In retrospect, it shouldn't be too surprising that the Phillies' focus on trimming their chase rate got in some players' heads or resulted in tentativeness. It's not all that realistic for a 32-year-old Castellanos or 31-year-old Trea Turner to change his offensive approach in the course of one offseason. What the Phillies have preached is being aggressive in zones you can handle and selective in zones you cannot. Easier said than done the vast majority of the time, and the last thing you want is hitters who've relied on instinct for decades thinking about whether to swing when a pitch is on its way to the plate.

Expanding the strike zone was obviously the main reason for the Phillies' demise in the 2023 NLCS, but it wasn't a glaring problem in the preceding six months, nor was the offense as a whole. The Phillies averaged 4.9 runs per game last season and finished fifth in the majors in slugging percentage.

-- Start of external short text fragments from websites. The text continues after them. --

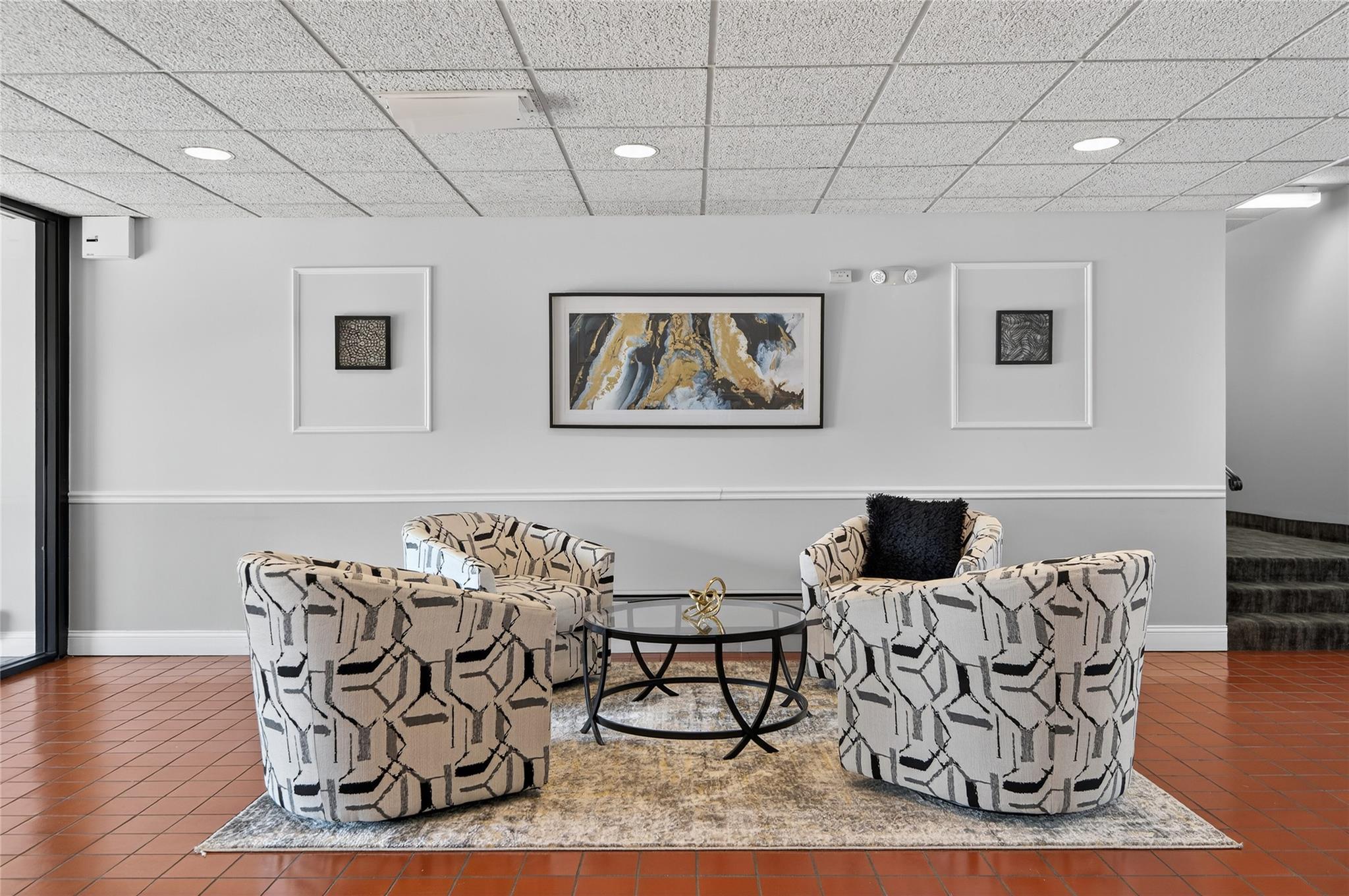 175 Maple Avenue # 5G, Westbury, NY 11590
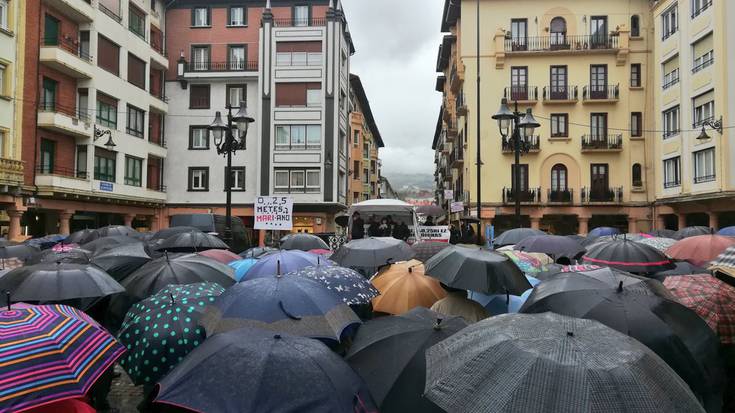 EAJ kritikatu du EH Bilduk, "Zarauzko Jubilatu eta Pentsiodunen Plataformaren eskarien aurka egin duelako"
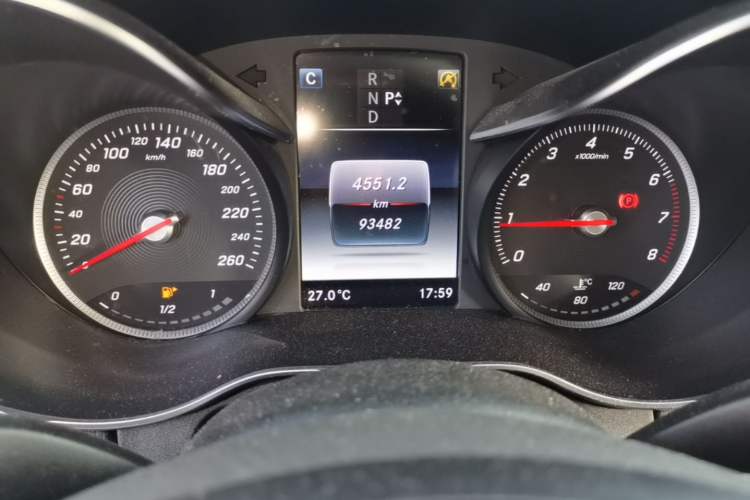 Used Mercedes-Benz C-Class 2018 C 200 L Sport Edition Odometer Close Up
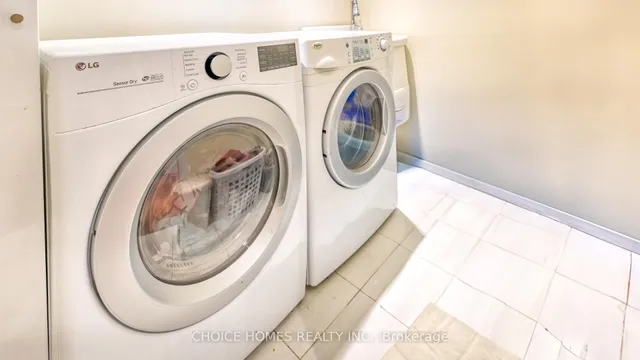 Additional image 39 of 4643 Full Moon Circ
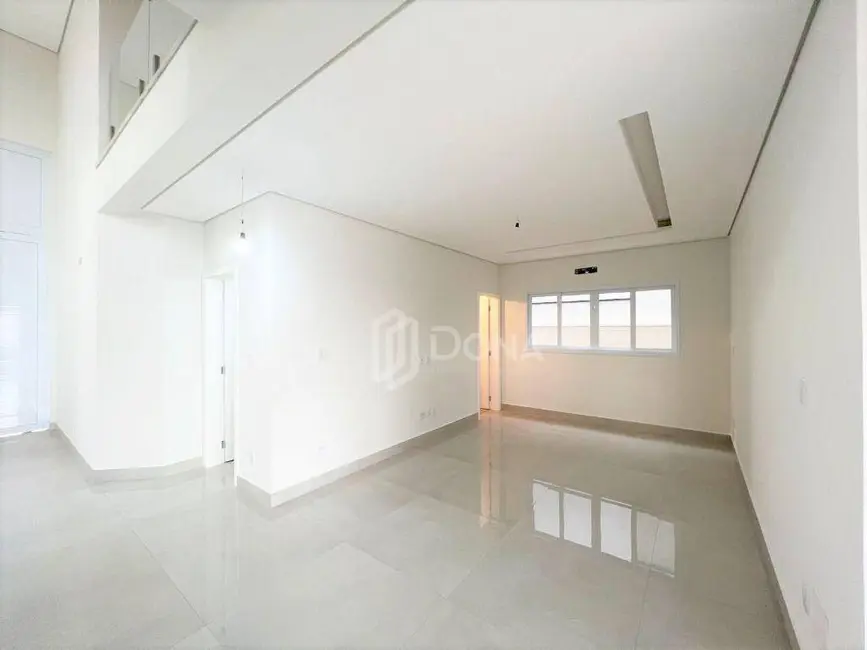 Foto 4 de Casa de Condomínio com 3 quartos à venda, 360m2 em Swiss Park, Campinas - SP
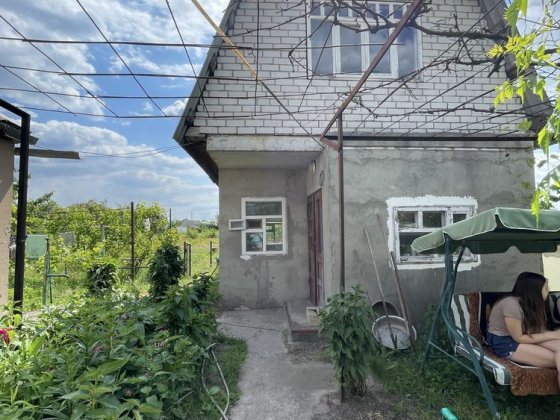 Продам дім+гостьовий будинок Кам'янське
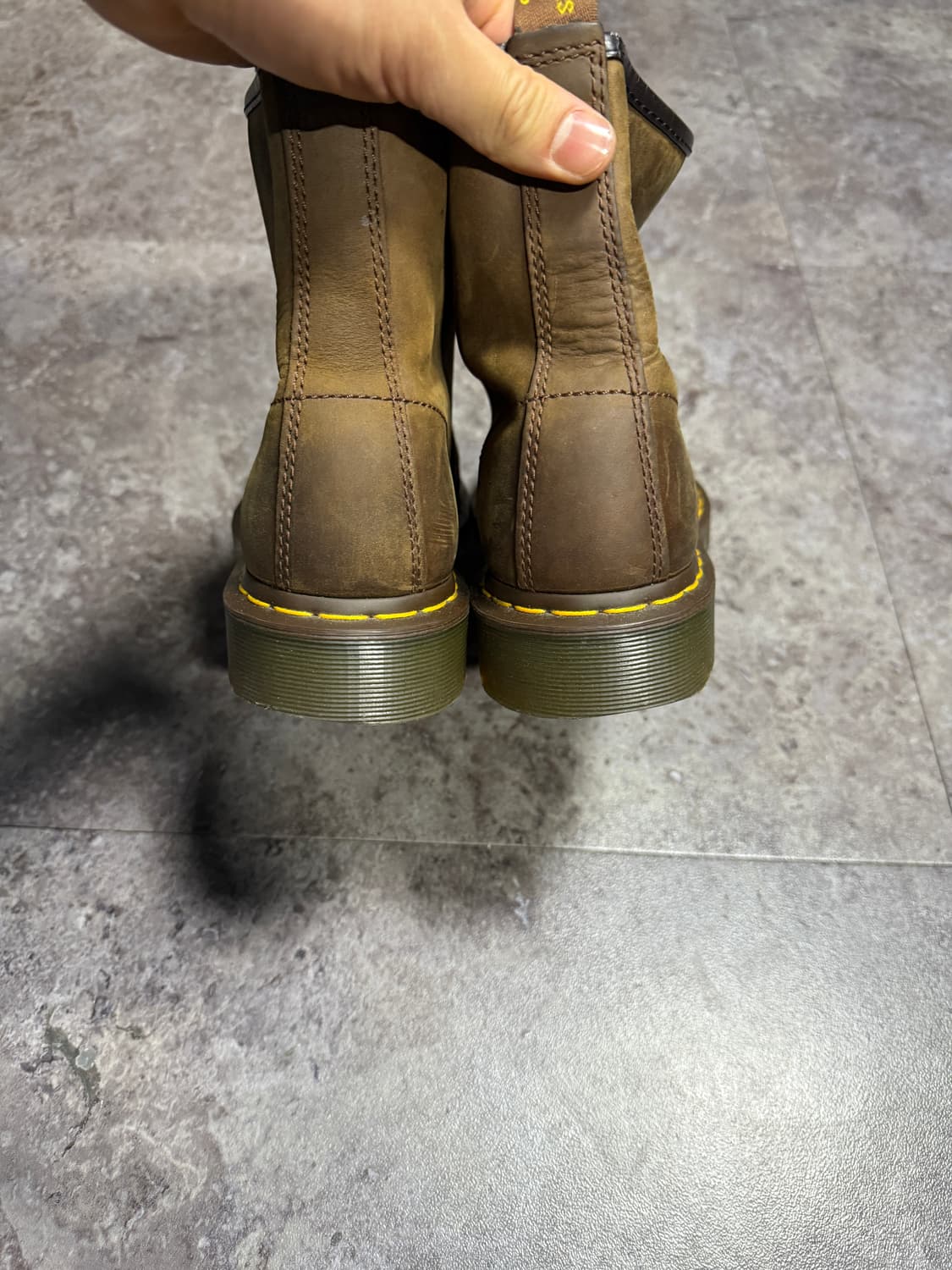 닥터마틴 1460 크레이지홀스 270 상품이미지3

The Phils' hitters feel they're on the brink of a turnaround. Sometimes all it takes is one night for the floodgates to open. It seemed perhaps that Harper's three-homer game two Tuesdays ago could be a launch point, but the Phillies scored just 36 runs in their next 12 games.

They haven't faced much high-end pitching, either. They saw Spencer Strider, Max Fried and Chris Sale in the opening series against Atlanta but have since faced the lesser pitching staffs of the Reds, Nationals, Cardinals and Rockies, with the AL-worst White Sox on deck.

Concern would grow even more if the Phillies can't break through this week in what's probably the most advantageous homestand of their season, on paper.

"Grinding," Aaron Nola said. "We're competing. We haven't scored many runs, man, but that's gonna come, for sure. Our team's too good. We've seen what our lineup can do. Nobody's gonna hang their head over that. We've got a lot of baseball left. All we can do, from a pitcher's standpoint, is keep the game as close as possible and give those guys the best chance."